Frankie leaned her forehead briefly against his broad chest, her breath hitching in a harsh, dry, shuddering sob—a single microsecond of absolute exhaustion and weakness before the Ladette titanium processor aggressively engaged again. She pulled back, looking up at him, her expression hardening into a mask of pure survival.

“That ain’t Cal’s people,” Frankie rasped, her South London purr completely devoid of its usual sarcastic humor.

“No,” Tug rumbled, his voice tight and heavy with dread. He pulled her tightly against his side, physically shielding her with his mass, as they both turned to look across the void at the new, terrifying reality. “The Americans are here, Mac. They’ve eradicated the swarm. It’s done.”

The Sapper-rigged radio clipped to Tug’s chest crackled violently.

General Clayton Vance’s highly theatrical, folksy American drawl cut smoothly through the static, bypassing encrypted channels and addressing the castle leadership directly.

“Jimmy, Jimmy, Jimmy Wilson... Hoss. Heard you were having some pest control problems up here in the Highlands. So daddies rolled up to clean house. Are we pissing our pants yet? Cause I got three Abrams right here that say you’re about to. We need to talk, man. Face to face. Your courtyard. Five minutes.”

Tug looked down at Frankie. Frankie looked up at him.

The final, crushing realization settled heavily into the marrow of Tug’s bones. General Clayton Vance didn’t just expend thousands of rounds of heavy ordnance to play the benevolent savior. He had arrived to plant his flag. And the Bastard Section, with their secure walls, their established agriculture, and their surviving families, were officially the next targeted variable in his brutal equation.

Tug checked the glowing green timestamp on his Sapper-repaired Casio watch.

It hadn’t been days. It hadn’t been hours. It had been minutes. Perhaps fifty, maybe sixty. An hour, max.

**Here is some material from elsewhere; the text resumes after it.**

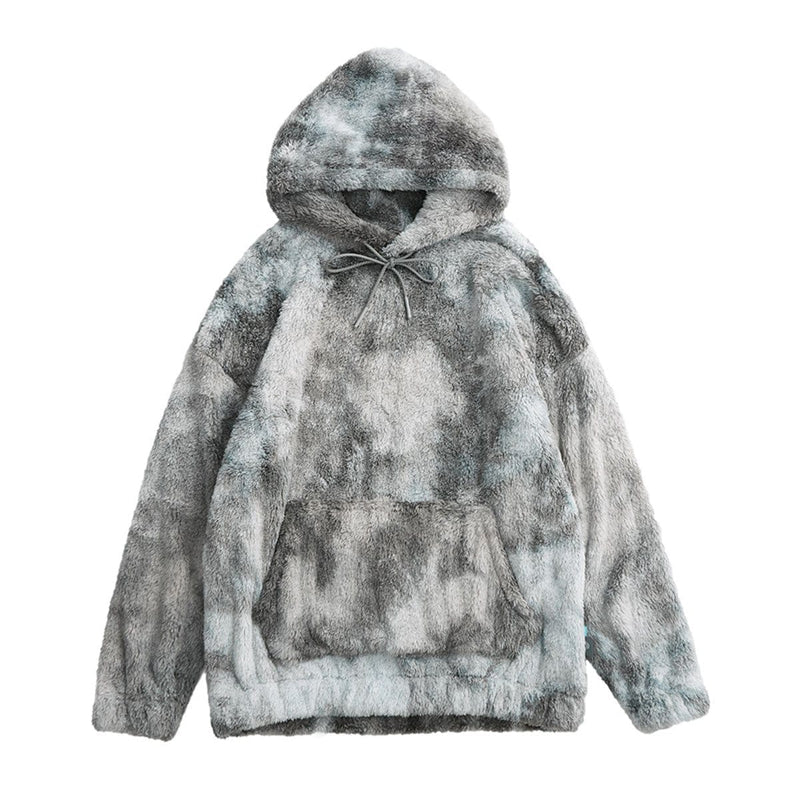 Tie Dye Fleece Hoodie - Fluffy Oversized Hoodie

In that single hour, the entire, seemingly endless extraterrestrial army that had marched south on Boxing Day 2002, that had held their fortress in a terminal grip, that had been absolute minutes away from eradicating the Wilson bloodline and the civilian auxiliary... was entirely, completely gone. Extinct. Wiped cleanly from the mainland coastal road. Erased by the terrifying, highly advanced efficiency of the American Iron Hounds.

The Scottish mainland was now nothing more than a smoking, pulverized graveyard of shattered rock and alien mush. The only noise remaining was the deep, settling hum of American tank turbine engines, the cracking of burning pine trees, and the ominous, heavy silence of an empty battlefield.

The alien apocalypse was officially over. But as the King and Queen of the Granite Kingdom stood in their freezing, muddy courtyard waiting for the arrived conqueror, they both knew a far more personal, terrifying human apocalypse was just beginning.

Frankie’s taped fingers subtly gripped the tactical webbing on Tug’s chest, a desperate, anchoring hold. Tug covered her small, bloody hand with his massive one, his slate-grey eyes locking onto the heavy, reinforced timber gates of the lower bailey as they slowly, inevitably began to winch open, powered by the ocean turbines.

They were finally safe from the monsters. God help them all.